Work instructions:
Beginning at the first line of the data, print each line exactly, stopping after the line that contains "Mailbox Cover - Floral Flamingo".

· · · ·

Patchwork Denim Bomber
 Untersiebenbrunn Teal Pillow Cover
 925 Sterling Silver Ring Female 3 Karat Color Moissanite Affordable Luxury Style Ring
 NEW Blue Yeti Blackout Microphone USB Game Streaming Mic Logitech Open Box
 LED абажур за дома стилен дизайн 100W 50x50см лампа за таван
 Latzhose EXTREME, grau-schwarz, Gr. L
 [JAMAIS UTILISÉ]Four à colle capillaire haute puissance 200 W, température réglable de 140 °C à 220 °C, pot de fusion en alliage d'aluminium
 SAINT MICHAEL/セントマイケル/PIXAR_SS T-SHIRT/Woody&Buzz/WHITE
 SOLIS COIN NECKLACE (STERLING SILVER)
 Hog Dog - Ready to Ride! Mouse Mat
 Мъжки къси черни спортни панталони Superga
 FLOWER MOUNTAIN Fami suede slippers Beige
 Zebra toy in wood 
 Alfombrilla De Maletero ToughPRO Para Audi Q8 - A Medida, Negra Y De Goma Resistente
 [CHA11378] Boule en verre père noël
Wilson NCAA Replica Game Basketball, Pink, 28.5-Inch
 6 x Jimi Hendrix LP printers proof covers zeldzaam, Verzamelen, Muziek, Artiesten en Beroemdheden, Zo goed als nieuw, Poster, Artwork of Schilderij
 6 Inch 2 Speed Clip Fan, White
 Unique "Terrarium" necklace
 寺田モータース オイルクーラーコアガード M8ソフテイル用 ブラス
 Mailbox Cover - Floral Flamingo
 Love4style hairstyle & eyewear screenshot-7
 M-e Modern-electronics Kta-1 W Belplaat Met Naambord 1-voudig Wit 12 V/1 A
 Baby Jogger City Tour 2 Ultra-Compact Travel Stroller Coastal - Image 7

· · · ·

Answer to the problem:
Patchwork Denim Bomber
 Untersiebenbrunn Teal Pillow Cover
 925 Sterling Silver Ring Female 3 Karat Color Moissanite Affordable Luxury Style Ring
 NEW Blue Yeti Blackout Microphone USB Game Streaming Mic Logitech Open Box
 LED абажур за дома стилен дизайн 100W 50x50см лампа за таван
 Latzhose EXTREME, grau-schwarz, Gr. L
 [JAMAIS UTILISÉ]Four à colle capillaire haute puissance 200 W, température réglable de 140 °C à 220 °C, pot de fusion en alliage d'aluminium
 SAINT MICHAEL/セントマイケル/PIXAR_SS T-SHIRT/Woody&Buzz/WHITE
 SOLIS COIN NECKLACE (STERLING SILVER)
 Hog Dog - Ready to Ride! Mouse Mat
 Мъжки къси черни спортни панталони Superga
 FLOWER MOUNTAIN Fami suede slippers Beige
 Zebra toy in wood 
 Alfombrilla De Maletero ToughPRO Para Audi Q8 - A Medida, Negra Y De Goma Resistente
 [CHA11378] Boule en verre père noël
Wilson NCAA Replica Game Basketball, Pink, 28.5-Inch
 6 x Jimi Hendrix LP printers proof covers zeldzaam, Verzamelen, Muziek, Artiesten en Beroemdheden, Zo goed als nieuw, Poster, Artwork of Schilderij
 6 Inch 2 Speed Clip Fan, White
 Unique "Terrarium" necklace
 寺田モータース オイルクーラーコアガード M8ソフテイル用 ブラス
 Mailbox Cover - Floral Flamingo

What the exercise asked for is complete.